L'antagoniste Paul (distinct de « l'autre Paul ») utilise l'hypnose musicale pour voler les rêves, forçant Spider-Man à combattre une somnolence écrasante tout en faisant face à des visions dérangeantes. Le résultat ? Une histoire de Spider-Man inspirée de Junji Ito qui prend vie à travers 100 pages d'art surréaliste.
La mini-série élève encore plus le concept du cauchemar, plongeant Spider-Man dans des terreurs séquentielles rappelant « Beau Is Afraid » - de l'invisibilité sociale aux confrontations avec des chefs d'orchestre prédateurs. Ferreira utilise des techniques de manga classiques, représentant des monstres grotesques avec un luxe de détails tout en gardant le design de Peter simple pour l'immersion du lecteur.
Spider-Man : L'Ombre du Bouffon Vert
Scénariste : J.M. DeMatteis
Dessinateur : Michael Sta. Maria
Saviez-vous que Norman Osborn n'était pas le Bouffon Vert original ? Cette série révèle de surprenants secrets sur le Proto-Bouffon tout en explorant la compréhension évolutive du pouvoir et de la responsabilité par le jeune Peter Parker.
Faisant partie de la vague de nostalgie de Marvel qui revisite les histoires des personnages, L'Ombre du Bouffon Vert suit une formule simple mais efficace : ressusciter des créateurs classiques pour raconter des histoires « perdues » reliant les récits originaux. Alors que des projets similaires ont décliné récemment en raison d'une qualité inégale, DeMatteis démontre pourquoi il reste le scénariste incontournable de Spider-Man.
Le récit examine le traumatisme familial de Norman Osborn des années avant sa transformation, montrant comment les ténèbres psychologiques l'ont progressivement consumé. Contrairement aux récits de super-héros typiques, cette bande dessinée privilégie le drame des personnages à l'action, présentant Peter comme empêtré dans une tragédie qui se déroule plutôt que comme sa figure centrale.

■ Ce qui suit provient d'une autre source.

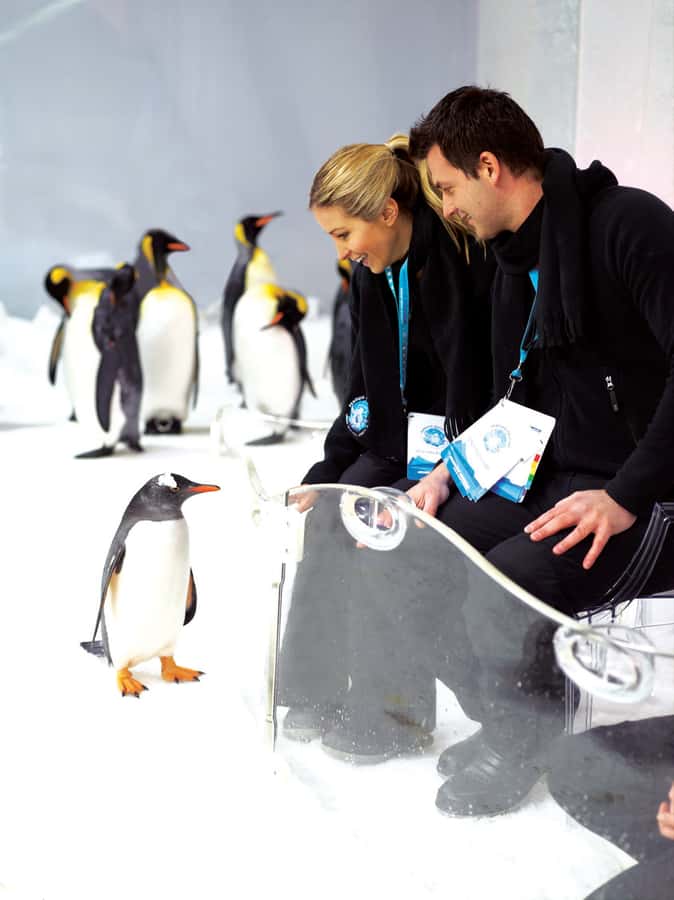Melbourne: SEA LIFE Aquarium Entrance Ticket - Getting There: Flinders and King by the Yarra River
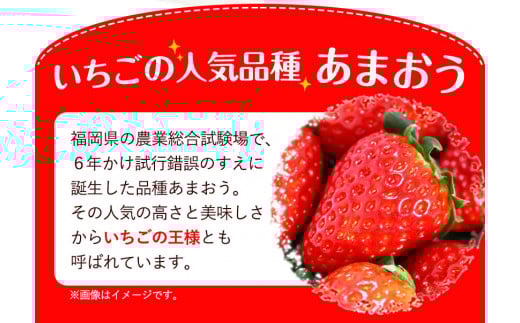 ★2026年出荷分★【先行予約】いちご あまおう 1620g (約270g×6パック) 苺 【着日指定不可】《2月中旬-4月末頃出荷予定》 イチゴ 果物 フルーツ  ---fn_ckrama_2c4m_25_14000_1620g---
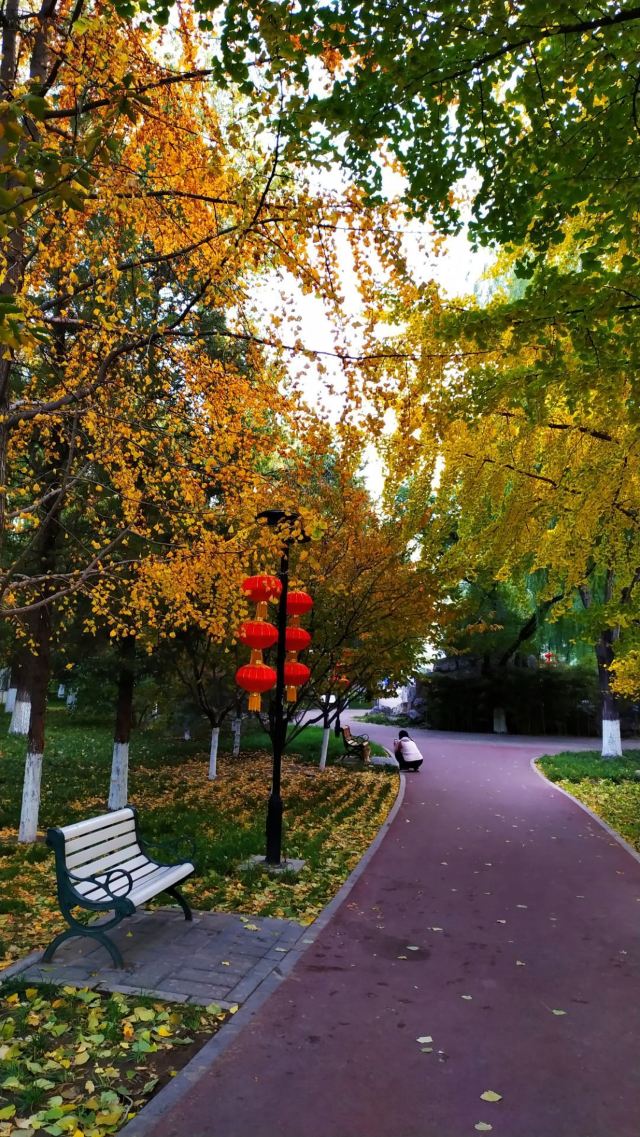 万芳亭公园旅行图片 1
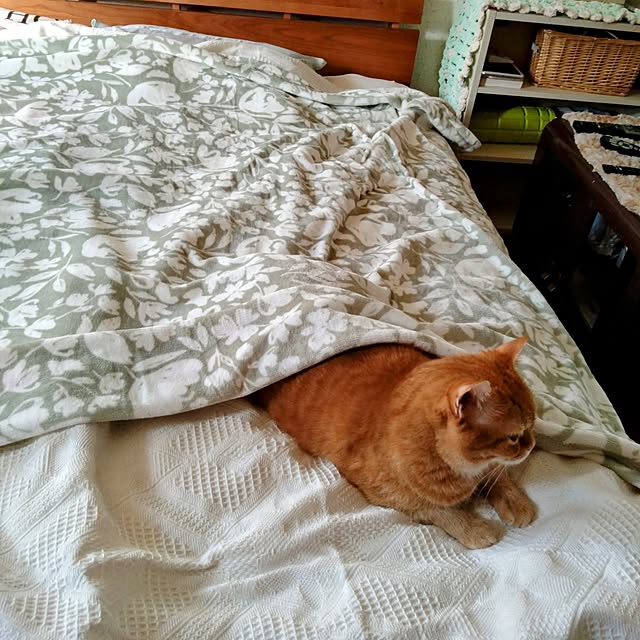 CHIKAさんの部屋
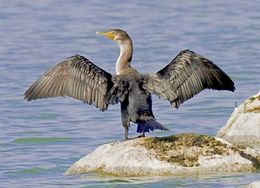 Image of cormorants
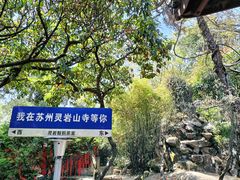 -灵岩山风景区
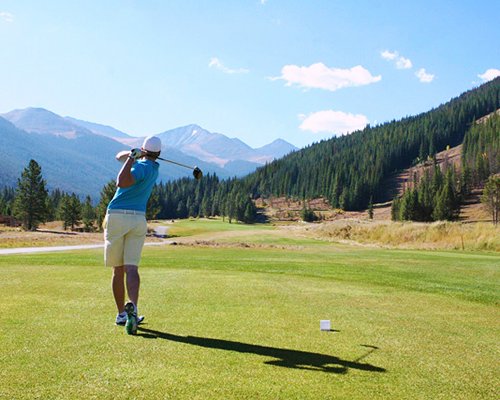 A well maintained golf course alongside pine trees.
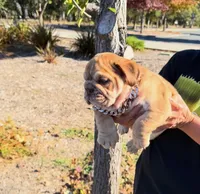 Coco, a male English Bulldog for sale in Santa Rosa, CA – 4 of 4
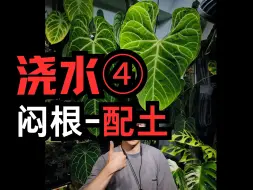 Download Video: 浇水④|防闷根实用技巧-配土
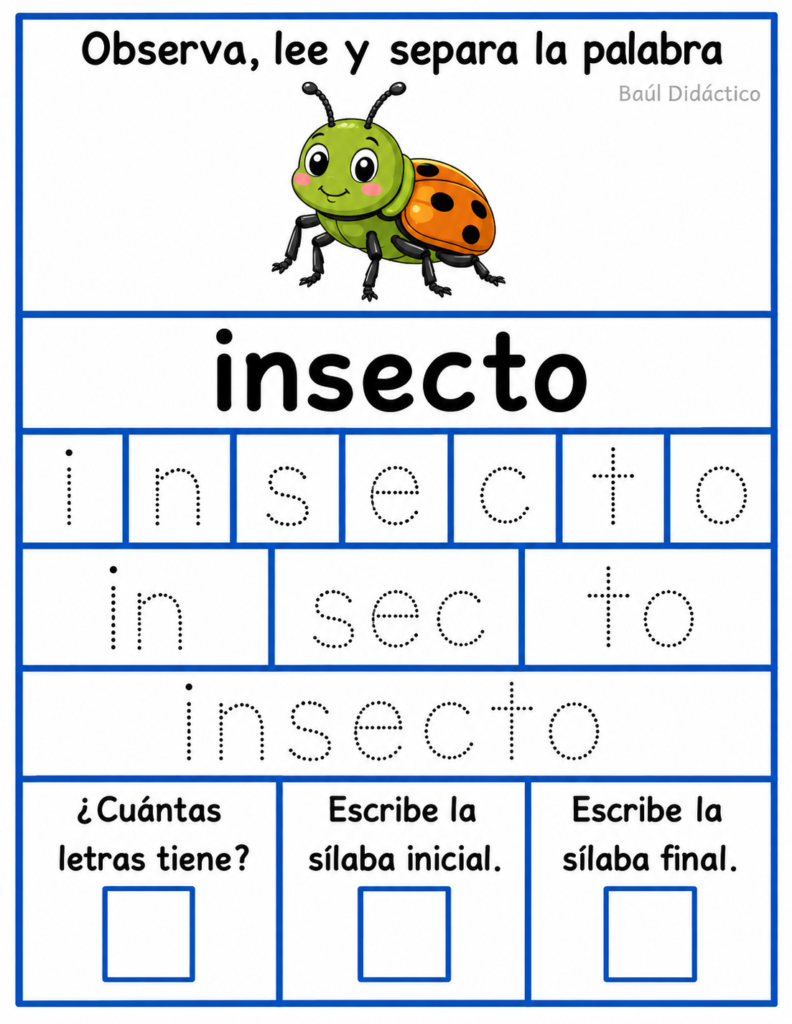 Letra I: Observa, lee y separa la palabra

DeMatteis transforme le personnage obscur des années 90, Nels van Adder (le Proto-Bouffon), en une étude fascinante de la folie et de la dysfonction familiale. Le dessin de Sta. Maria capture parfaitement l'angoisse rampante précédant la transformation d'Osborn. Ce joyau méconnu sert de puissant prélude à la légendaire série Spectacular Spider-Man de DeMatteis.
Spider-Man : Reign 2
Scénariste/Dessinateur : Kaare Andrews
Dans cette réalité alternative, Wilson Fisk gouverne un New York enfermé sous un dôme tandis qu'un Peter Parker âgé existe en stase numérique suite à la mort de MJ. Quand la jeune voleuse Kitty Cat perturbe la simulation de Peter, ils se lancent dans une mission à travers le temps pour éviter une catastrophe.

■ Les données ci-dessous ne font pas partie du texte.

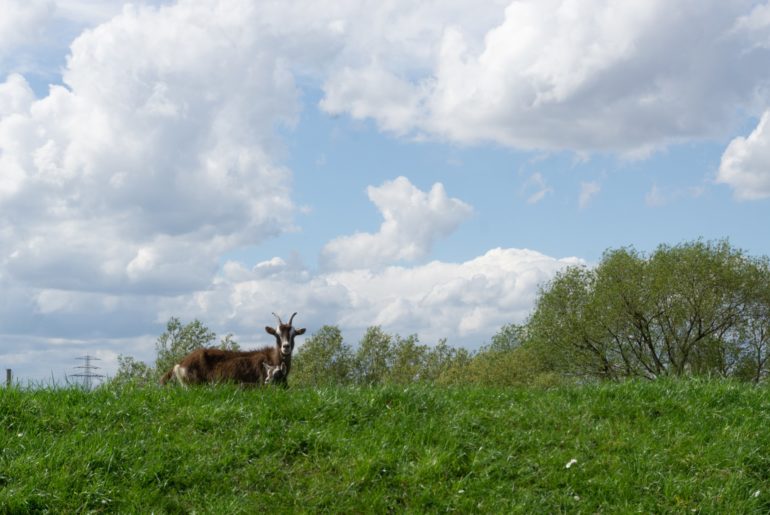 Ziegen auf Deich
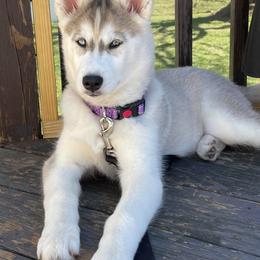 Pomsky and Siberian Husky Puppies from Kristie’s Husky Haven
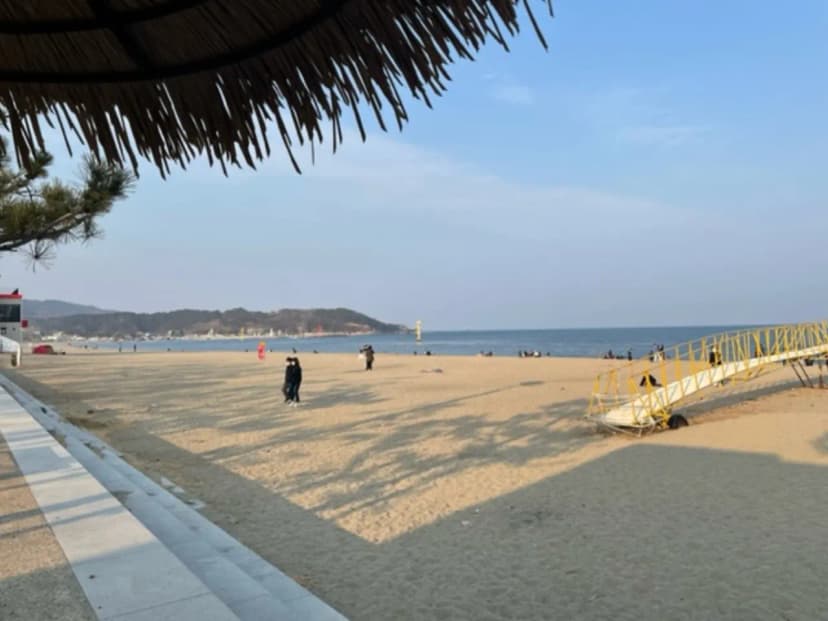 나정고운모래해변 오토캠핑장 사진 18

Plus une réinvention qu'une suite, Reign 2 ressemble à Iron Fist : The Living Weapon d'Andrews par son action brutale et sa violence graphique. L'histoire comporte des éléments extravagants incluant :
- Des paradoxes temporels
- Un Miles Morales inspiré du Joker
- le Caïd en monstruosité cybernétique
- D'horribles transformations du Venom
Andrews utilise la violence extrême comme langage narratif, dépeignant les blessures les plus brutales de Spider-Man tout en explorant la fatigue du super-héros. Sur le plan thématique, cela contraste avec le Ultimate Spider-Man de Hickman, présentant une chronologie où Peter a succombé à ses fardeaux.
Avec un art inspiré de l'Expressionnisme et un rythme implacable, Reign 2 offre une conclusion cathartique alors que Peter libère enfin son passé. Aussi absurde que poignant, cela se pose comme l'histoire la plus étrange - mais aussi la plus distincte visuellement - de Spider-Man récemment.